+++ Input data +++

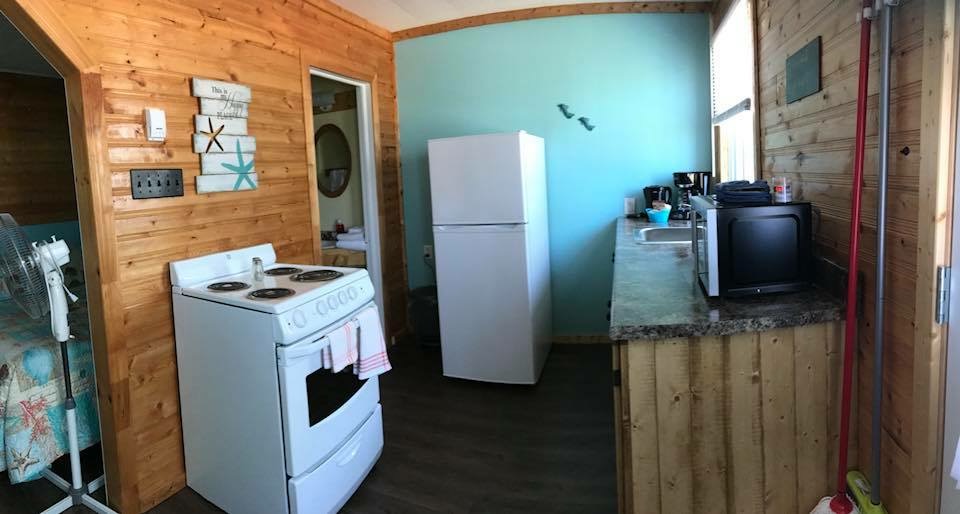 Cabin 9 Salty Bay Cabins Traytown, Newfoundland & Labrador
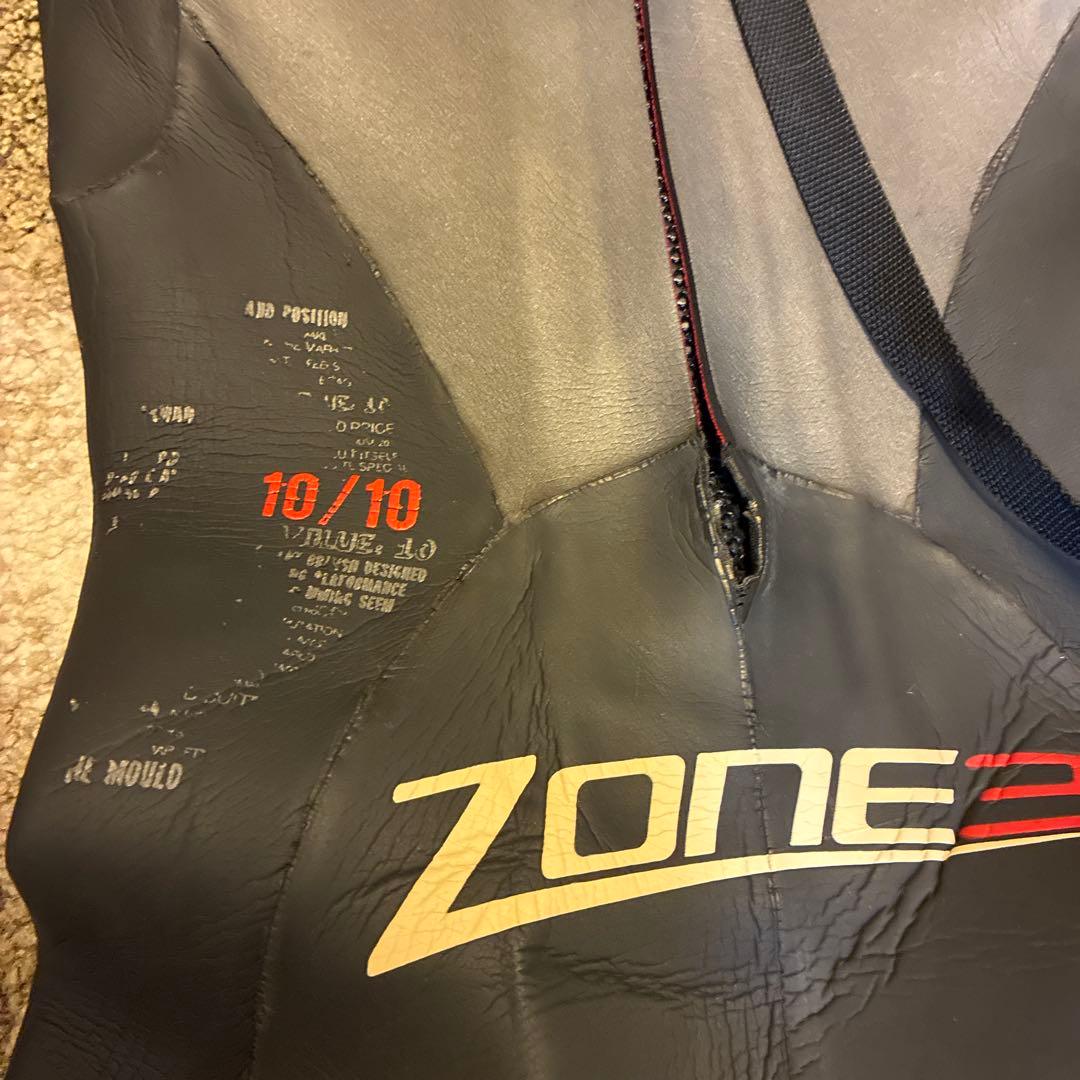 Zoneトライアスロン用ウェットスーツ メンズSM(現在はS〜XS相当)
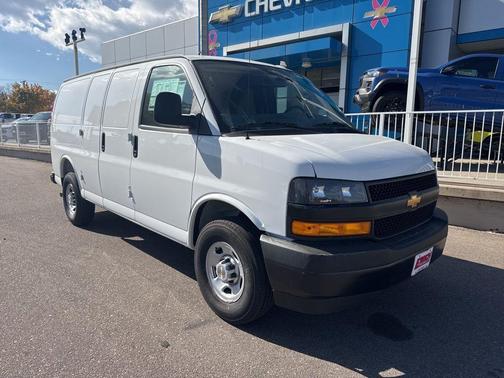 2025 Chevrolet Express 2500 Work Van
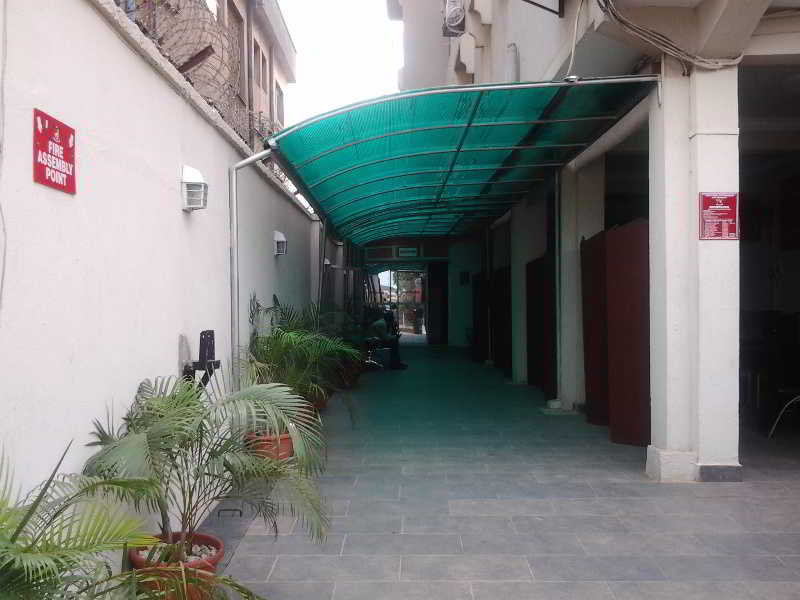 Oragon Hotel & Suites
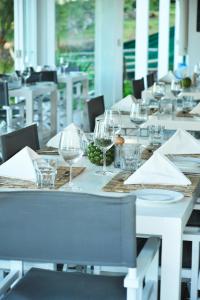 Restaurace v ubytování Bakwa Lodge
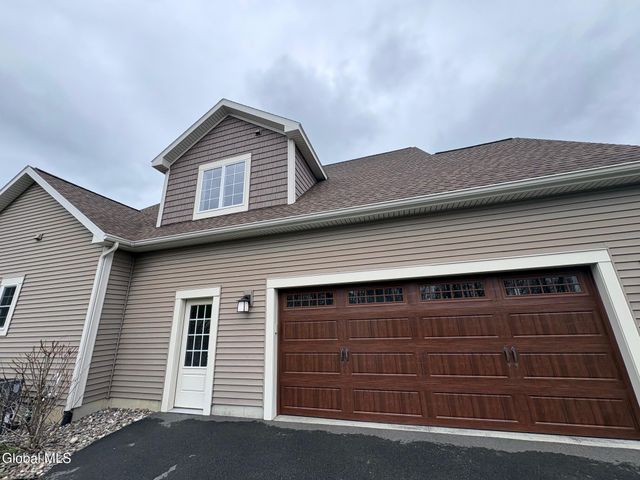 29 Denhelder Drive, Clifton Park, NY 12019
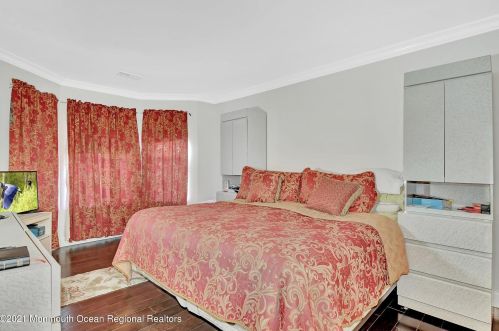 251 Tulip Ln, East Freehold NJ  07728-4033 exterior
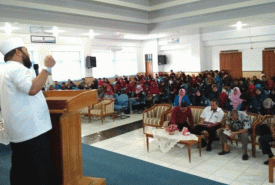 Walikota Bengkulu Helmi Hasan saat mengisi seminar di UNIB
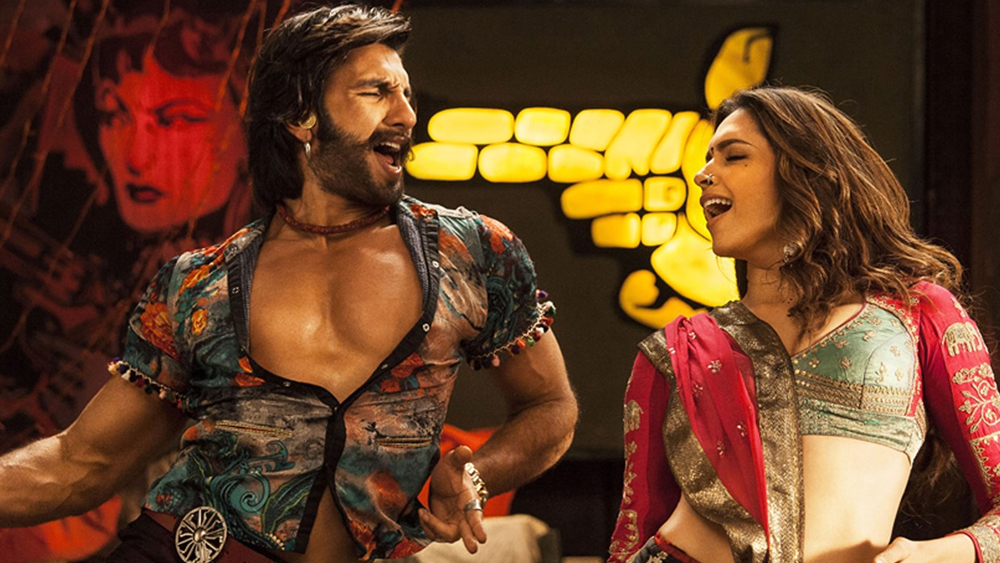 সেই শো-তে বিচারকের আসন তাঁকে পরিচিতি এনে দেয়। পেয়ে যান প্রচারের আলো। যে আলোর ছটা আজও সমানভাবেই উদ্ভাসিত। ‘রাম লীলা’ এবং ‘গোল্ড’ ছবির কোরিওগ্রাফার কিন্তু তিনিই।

+++

* [What to do]: Leaving the images behind, set down every entry word for word.

* [Task response]:
 Cabin 9 Salty Bay Cabins Traytown, Newfoundland & Labrador
 Zoneトライアスロン用ウェットスーツ メンズSM(現在はS〜XS相当)
 2025 Chevrolet Express 2500 Work Van
 Oragon Hotel & Suites
 Restaurace v ubytování Bakwa Lodge
 29 Denhelder Drive, Clifton Park, NY 12019
 251 Tulip Ln, East Freehold NJ  07728-4033 exterior
 Walikota Bengkulu Helmi Hasan saat mengisi seminar di UNIB
 সেই শো-তে বিচারকের আসন তাঁকে পরিচিতি এনে দেয়। পেয়ে যান প্রচারের আলো। যে আলোর ছটা আজও সমানভাবেই উদ্ভাসিত। ‘রাম লীলা’ এবং ‘গোল্ড’ ছবির কোরিওগ্রাফার কিন্তু তিনিই।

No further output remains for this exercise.